THE CLOUDS OF SILS MARIA (France/USA 2013) ***
Directed by Olivier Assayas
A smart script written about women on the dual theme of aging vs. youth and life imitating art written by director Olivier Assayas deserves better but unfortunately fails to attain the height it seeks to achieve. Part of this is due to the complexity of the plot but also due to main lead actress Juliette Binoche’s annoying character.
The centre of the story is Maria Enders (Juliette Binoche), asked to perform in a revival of the lesbian play that made her famous twenty years ago. But back then she played the role of Sigrid, an alluring young girl who disarms and eventually drives her boss Helena to suicide. Now she is being asked to step into role of the older Helena. She departs with her assistant (TWILIGHT’s Kristen Stewart) to rehearse in Sils Maria; a remote region of the Alps. A young Hollywood starlet with a penchant for scandal is to take on the role of Sigrid. Maria finds herself at loggerheads with her (Chloe Grace Moretz).
Though I admire Bincoche in many other other films, her portrayal as ageing stage star leaves much to be desired. For one, for a character that sophisticated and learned in life’s lessons, she comes across as crass (laughing too loudly and expressing outwardly too many times her emotions) and common. The audience is supposed to side and feel sympathetic for this character, but Binoche’s performance does not allow it. Kristen Stewart steals the show as her super-efficient and patient personal assistant.

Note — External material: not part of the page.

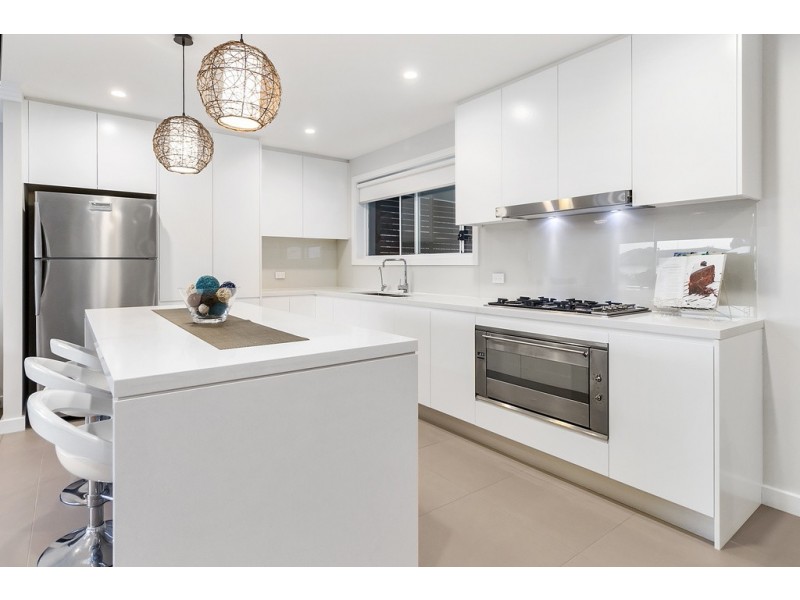 26 Edgecombe Avenue, Moorebank NSW 2170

There is a lot of class and high society living displayed in the film. The frequency use of classical scores and the stunning cinematography gives the film a classy atmosphere.
Though the play Maria is playing in is a lesbian one in which she plays a lesbian character, her Maria character and other characters are all straight. The lesbian undertones are still present lying just beneath the surface of the proceedings in terms on envy, playing, jealousy and other human elements.
There are parts of the script that are just plain brilliant. The sudden disappearance of the personal assistant in the mountains with no explanation given, obviously a reflection of life imitating art as the actress’s young lover in the play had the same fate occur. The spilling of the cloud of Sils Maria into the valley signalling a final escape is not only gorgeously shot bit instrumental in Assayas’ metaphor on his characters.